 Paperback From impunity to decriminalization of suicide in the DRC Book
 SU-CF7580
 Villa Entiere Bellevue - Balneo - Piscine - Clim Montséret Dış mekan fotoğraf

● **Activity**:
The data above is to be returned exactly, with nothing altered.

● **Task result**:
 Paperback From impunity to decriminalization of suicide in the DRC Book
 SU-CF7580
 Villa Entiere Bellevue - Balneo - Piscine - Clim Montséret Dış mekan fotoğraf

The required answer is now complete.